Email of the day on the inevitability of bitcoin's multiplication
Hi, what would be your comment on the following report from these people who were right more frequently than not:
https://panteracapital.com/blockchain-letter/five-orders-of-magnitude/
Thank you for this article which may be of interest to the Collective. Here is a section:
For every million new users, the price of bitcoin rises $200. It happened every time except for February 2016, when the price was slow to hit.
The rise in the price has been amazingly constant. I’ll leave it to some future Avogadro to figure out exactly why. The important point is: If this relationship holds, bitcoin will hit $200,000 in 2022.
I realize that sounds like a large caveat – but these relationships have held for a decade. The compound annual growth rate (CAGR) of bitcoin has been 213% for more than ten years. $200,000 a year from now would be exactly 213% higher than today. It would be just normal trend growth.

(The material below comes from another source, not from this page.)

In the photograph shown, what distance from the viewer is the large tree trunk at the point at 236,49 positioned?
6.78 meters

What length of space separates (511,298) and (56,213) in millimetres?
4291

The best time to buy bitcoin is around a year before the halving of the reward for mining (halvening). The last one was almost a year ago and the next will be in about three years. After the halving of the reward, the limited supply argument is burnished because it becomes twice as expensive to mine new coins so the need for additional resources increases while the value of coins already in existence inflates. That’s exactly what we have seen after every other halving and there is no reason to believe that will not persist.
A subscriber introduced me to price-to-flow charts in early March. They help to graphically illustrate the four-year cyclical nature of the price moves and the tendency to both overshoot on the upside and the downside. The big peaks in December 2013 and December 2017 occurred with around 1000 days before the next halving event, which is about where the market is right now. It suggests a significant peak is likely within the near three months or has already occurred.

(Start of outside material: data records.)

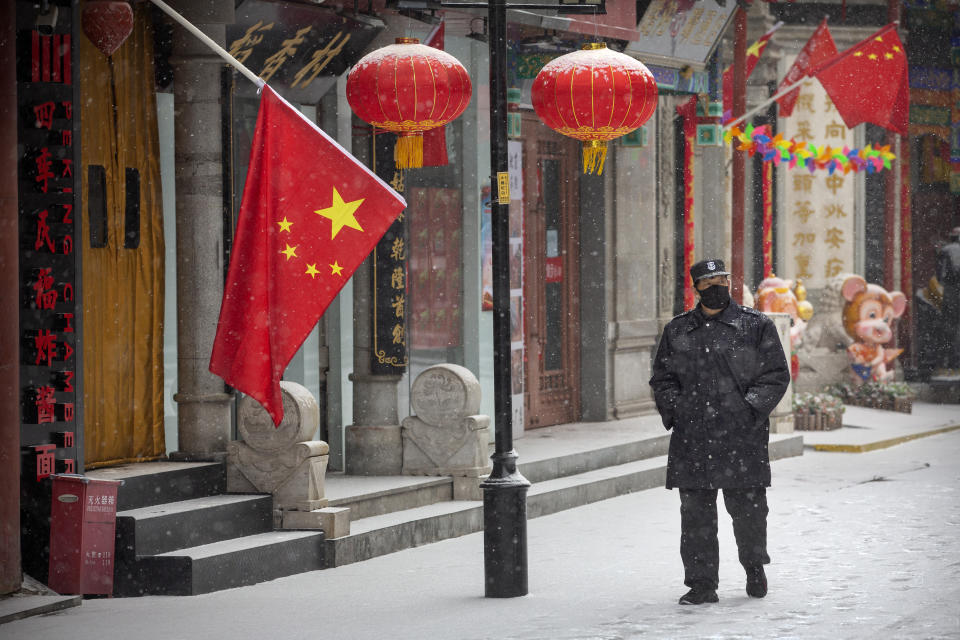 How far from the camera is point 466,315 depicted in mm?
14922

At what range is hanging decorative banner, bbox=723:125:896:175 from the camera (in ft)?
63.3

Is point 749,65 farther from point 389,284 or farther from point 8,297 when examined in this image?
point 8,297

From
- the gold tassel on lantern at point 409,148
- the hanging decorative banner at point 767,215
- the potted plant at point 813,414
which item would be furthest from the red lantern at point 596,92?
the hanging decorative banner at point 767,215

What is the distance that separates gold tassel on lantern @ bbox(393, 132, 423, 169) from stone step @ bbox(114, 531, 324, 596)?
275cm

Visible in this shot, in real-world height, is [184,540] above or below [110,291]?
below

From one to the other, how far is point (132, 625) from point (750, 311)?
3.78 m

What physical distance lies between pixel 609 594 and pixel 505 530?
2.58 feet

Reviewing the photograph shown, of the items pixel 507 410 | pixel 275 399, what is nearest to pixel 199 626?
pixel 275 399

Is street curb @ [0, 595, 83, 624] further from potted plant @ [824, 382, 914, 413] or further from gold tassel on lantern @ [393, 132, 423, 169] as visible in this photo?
potted plant @ [824, 382, 914, 413]

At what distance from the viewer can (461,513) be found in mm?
12141

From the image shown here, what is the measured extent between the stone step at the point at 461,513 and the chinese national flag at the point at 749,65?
6.47m

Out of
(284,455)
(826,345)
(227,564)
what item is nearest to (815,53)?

The inconsistency that has crept into the chart for bitcoin over the last two months is a clear signal that the relationship between supply and demand has changed. Bitcoin rebounded impressively again today and it is now testing the region of the 50-day MA. If it can hold a move above $57,000 that suggests this loss of consistency is a softening up process at the penultimate high. Bitcoin trading tends to be very active over the weekend and this one is likely to be more active than most.
By buying today one is betting on a blow-off climax like we saw in 2013 and 2017. Maybe that happens this time too and maybe the price will not ultimately peak until December. However, a crash would also be inevitable afterwards which could take the price back towards the 1000-day MA ($11,800 today). That kind of binary bet a run to $150,000 or a decline to $15000 is more gambling than investing.
The time to back a buy and hold strategy is when the price is low and it is not popular. The time to think about taking profits is when prices are high and everyone is celebrating buy and hold. That’s just how markets work. Bull markets are powerfully acquisitive. They suck in buyers from all over the world and prices tend to rise beyond the imagination of even the most ardent bulls. Eventually everyone who wants it has bought and all that are left are potential sellers.
The risk in the market is much higher now than it was a year ago. A $1 trillion market cap is substantial and the higher the price goes from here the greater the quantity of new money required to sustain the trend. With global government spending plans ramping higher that might not be a short-term issue. A face-off with the green lobby also appears inevitable since most bitcoin is mined using power from coal fired power stations.